Rob Price
Gutbrain Records
rob + gutbrain.com = email


2017 March 27 • Monday

Our 458th Soundtrack of the Week is Quincy Jones's music for this light romance in which Dustin Hoffman and Mia Farrow play proto-hipsters in late-1960s Manhattan, John and Mary.

Pretty much nothing happens in this movie. Some conversation, some location footage of New York City. I liked it. It's incredibly slight and unimportant and that's what makes it so good. Sometimes you need a break from horror and tragedy and angst and saving the world and all that kind of crap.

There isn't much music on the soundtrack album. A few tracks of classical music, which I think plays on Hoffman's stereo in the movie.
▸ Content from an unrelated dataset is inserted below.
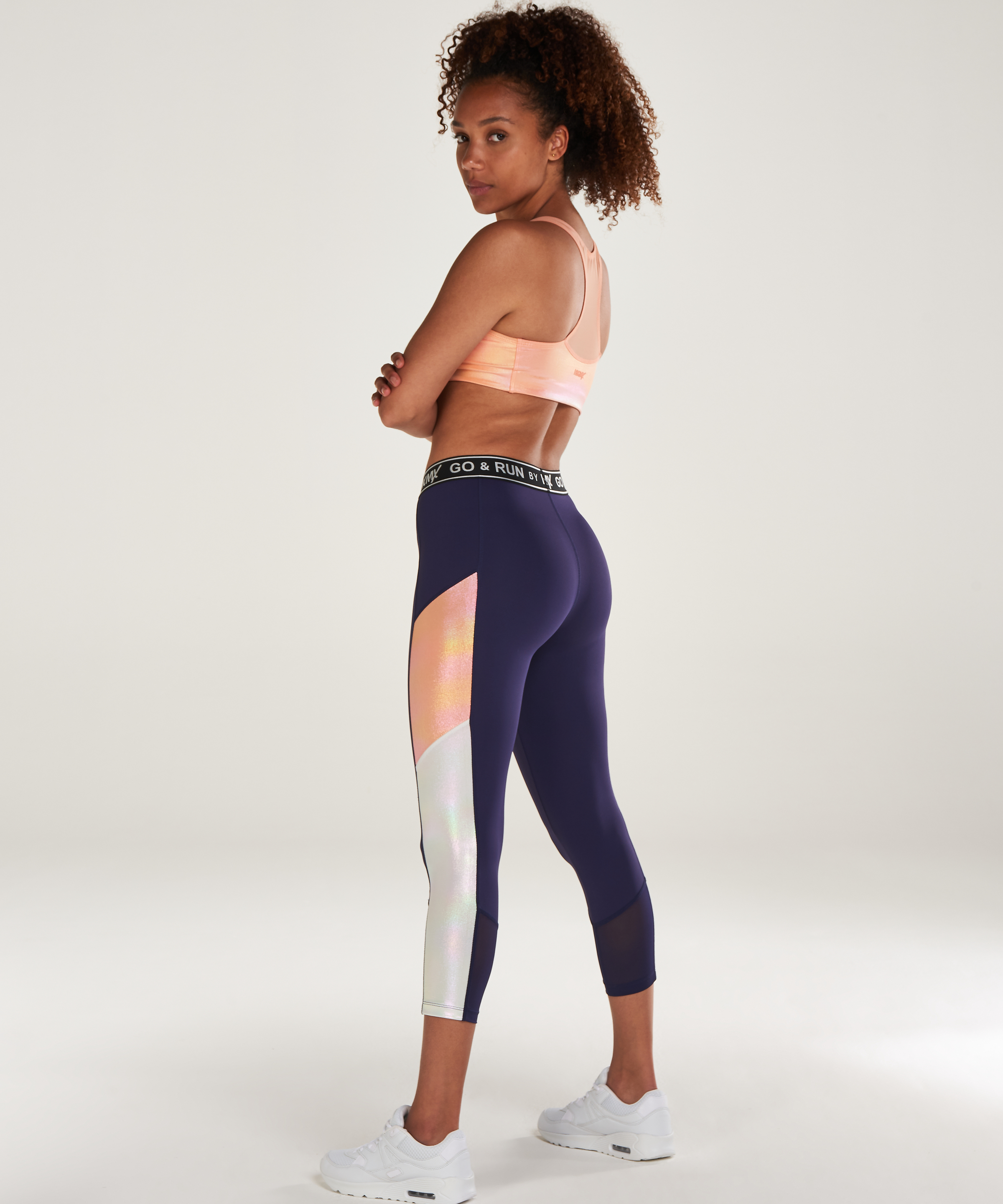 HKMX Capri med normal talje, bl&aring;, main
Then there are four different versions of a lovely song in 6/8 called "Maybe Tomorrow". One of them is an instrumental identified as the main title so I wonder if that was going to be the name of the movie at some point.
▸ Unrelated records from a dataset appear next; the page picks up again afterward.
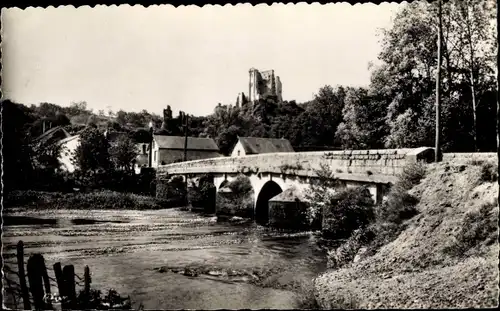 Ak Lavardin Loir et Cher, Le Chateau et Pont du Moyen Age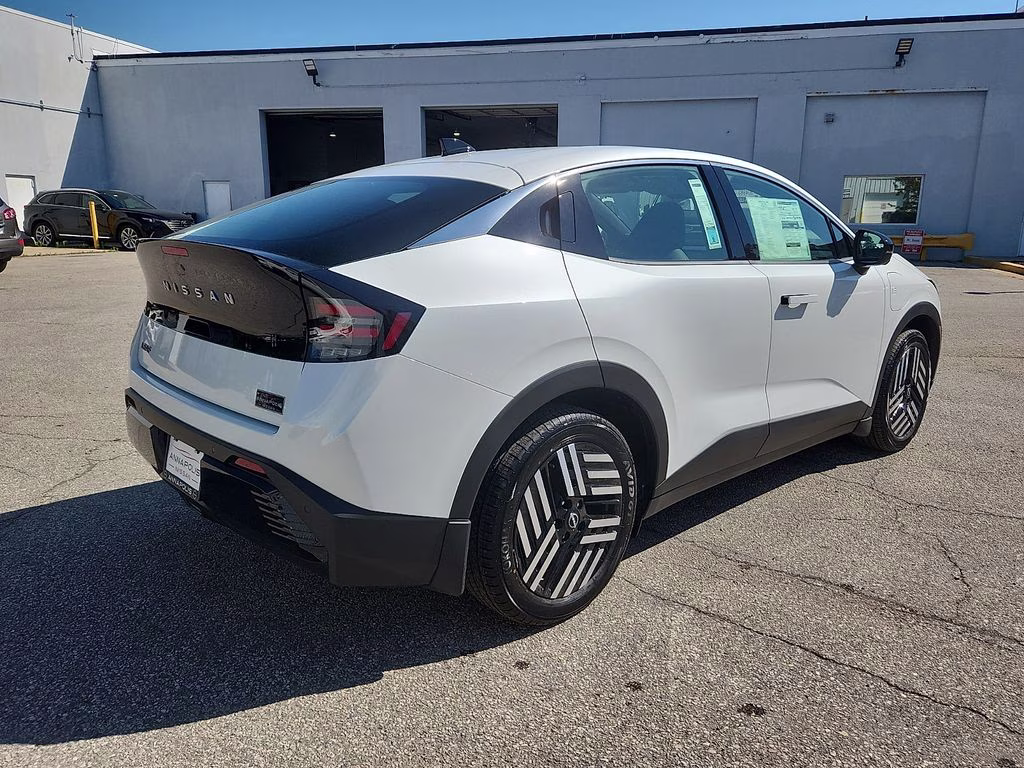 2026 Everest White Pearl Tricoat Nissan LEAF SV+ FWD SUV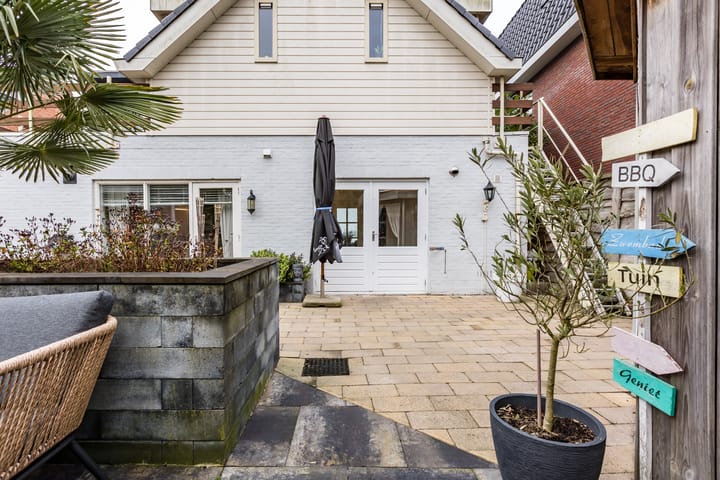 Photo 67 of Burgemeester van Loonstraat 18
Things get pretty funky and nasty in the best way for "Bump in the Night". This is the track where you can hear some producer saying, "Get me Quincy Jones!"

There's a track of sterotypical silent movie-type music called "Silent Movie". It takes the energetic piano playing and adorns it with fuzz guitar and a bunch of other instruments.

Then there's a song called "Lost in Space", sung by Jeff Bridges. I didn't know he'd done this kind of thing way back then. It's really a great song with great lyrics that I think Bridges wrote. Maybe he wrote the whole song and this is Jones's arrangement. Whatever the case, it's the highlight of the album.